Çevre Mühendisleri Odası,İğneada'da yapılacak olan nükleer santral ile ilgili bir risk haritası yayınladı.
Çevre Mühendisleri Odası (ÇMO) geniş kapsamlı bir çalışma yaparak İğneada’da yapılmak istenen nükleer santralin patlaması hâlinde İstanbul dahil pek çok kentin nasıl ve ne derecede etkileneceğine dair bir rapor hazırladı.

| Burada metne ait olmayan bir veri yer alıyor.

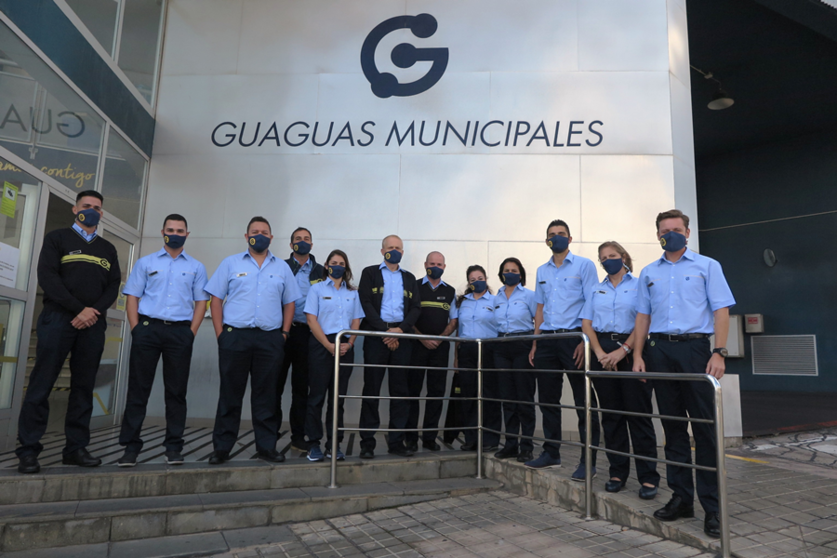 36 nuevos conductores para Guaguas Municipales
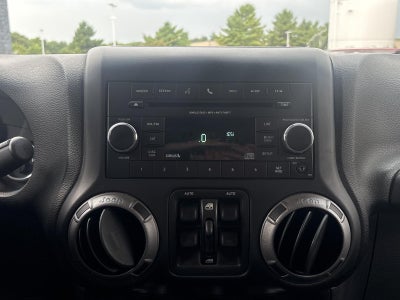 2014 Jeep Wrangler Unlimited 4WD 4dr Sport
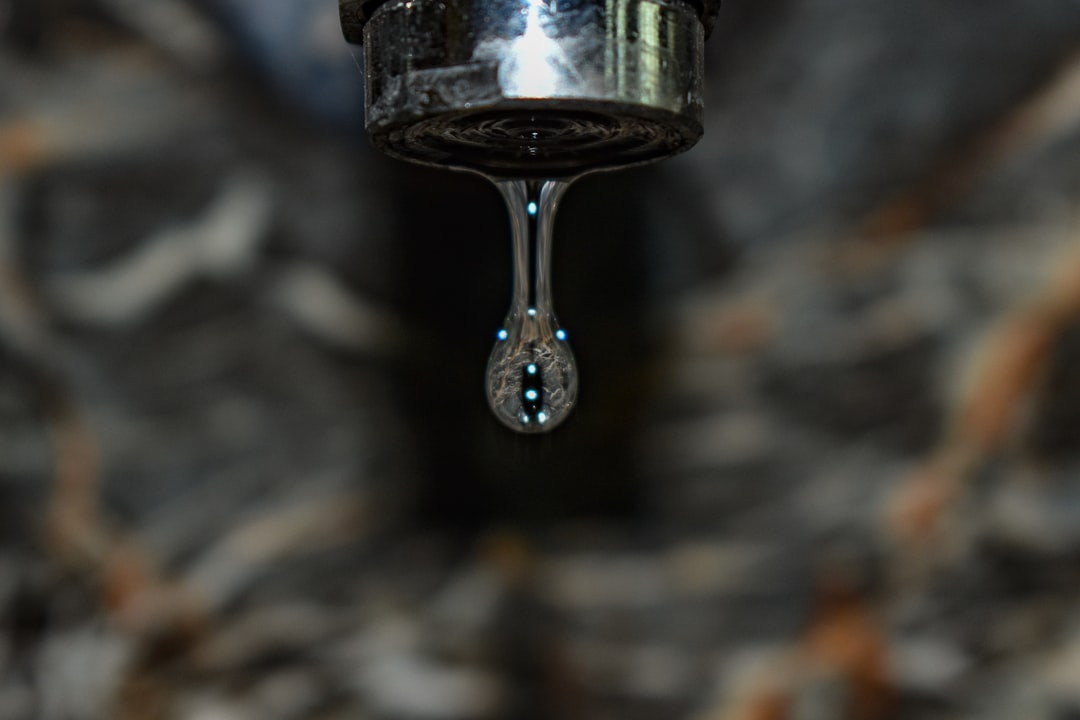 Leaky faucet repair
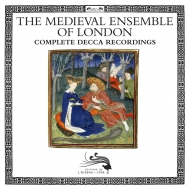 Medieval Classical/The Medieval Ensemble Of London： The Complete L'oiseau-lyre Recordings (Ltd)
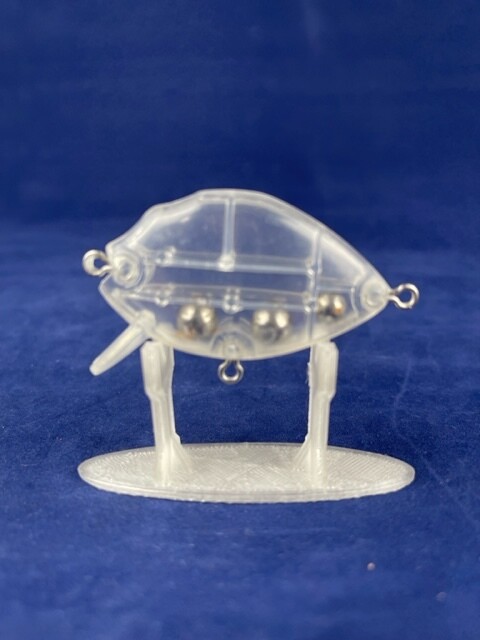 3D Stencil for - Pumpkin Seed - Similar to Heddon Pumpkinseed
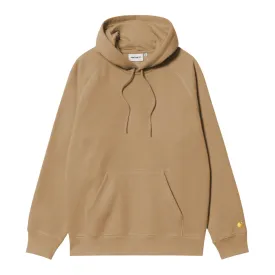 HOODED CHASE SWEAT / CARHARTT WIP / PEANUT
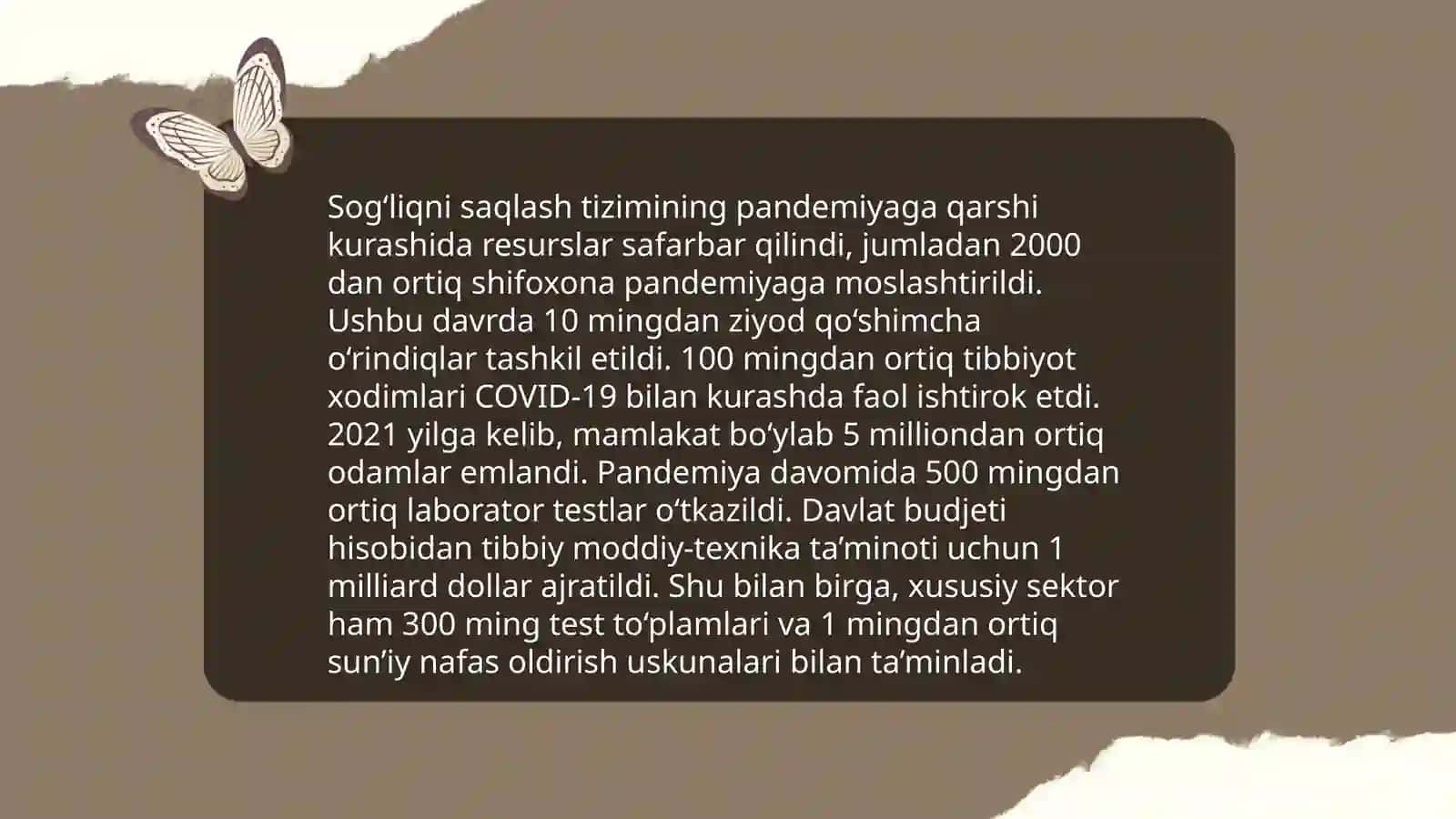 Pandemiya 21-asr global muammosi va uning oqibatlari 4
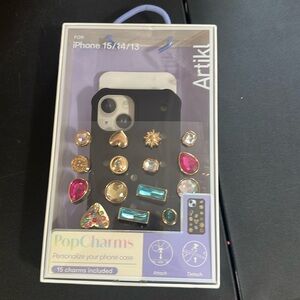 Artikl iPhone 15/14/13 pop charms phone case
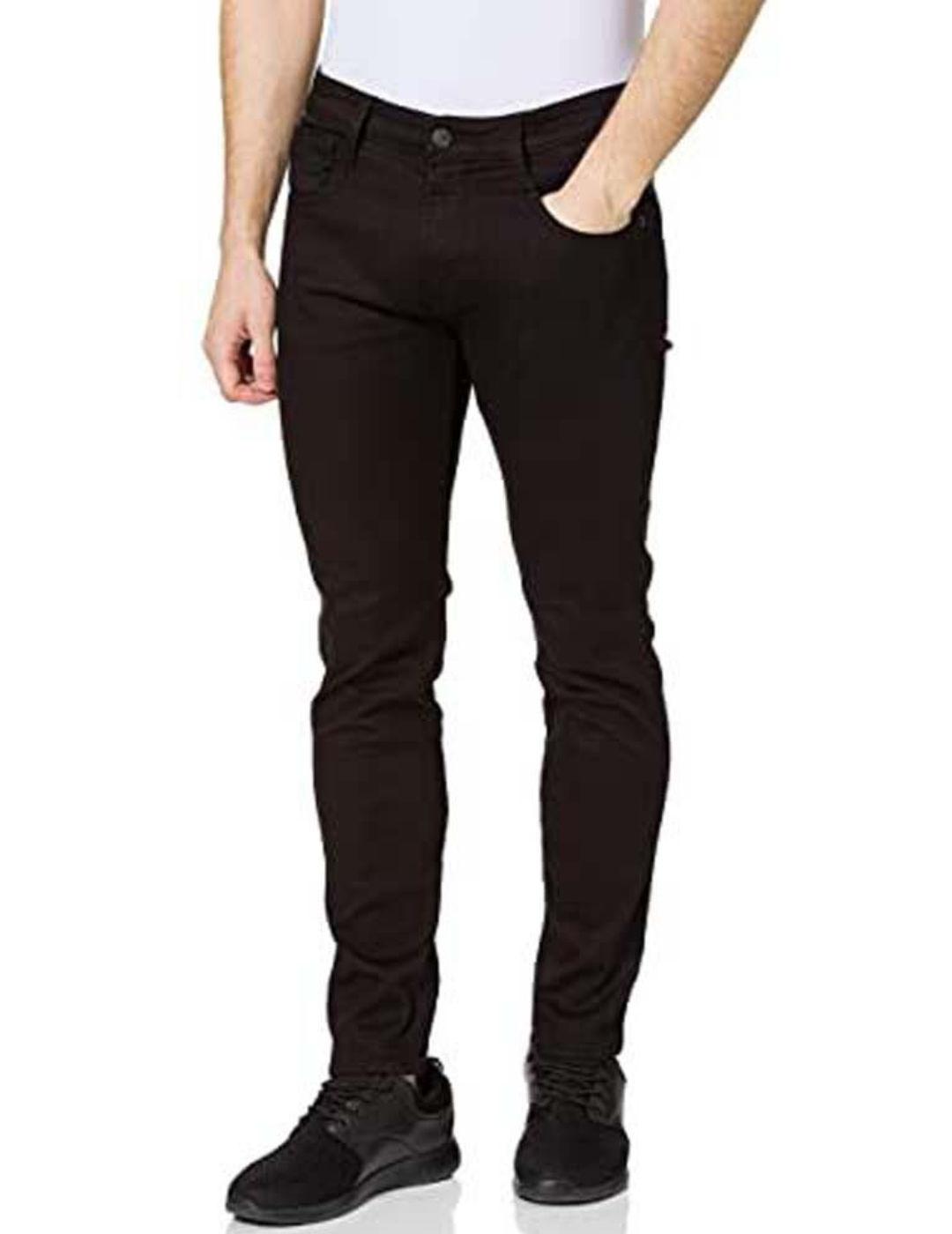 Vaquero Replay slim negro de hombre-&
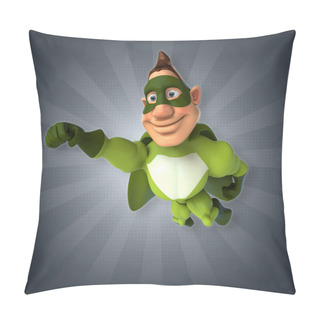 Personality  Fun Cartoon Superhero Pillow Covers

Kırklareli İğneada`da yapılması planlanan nükleer santralde herhangi bir kaza olması durumunda İstanbul ve Trakya`nın tamamı ile Kuzey Ege`nin büyük bir risk altında olacağı ayrıca Marmara, Batı Karadeniz, Kıyı Ege ve Kıyı Akdeniz bölgelerininde oluşacak radyasyon bulutundan etkileneceği belirtildi.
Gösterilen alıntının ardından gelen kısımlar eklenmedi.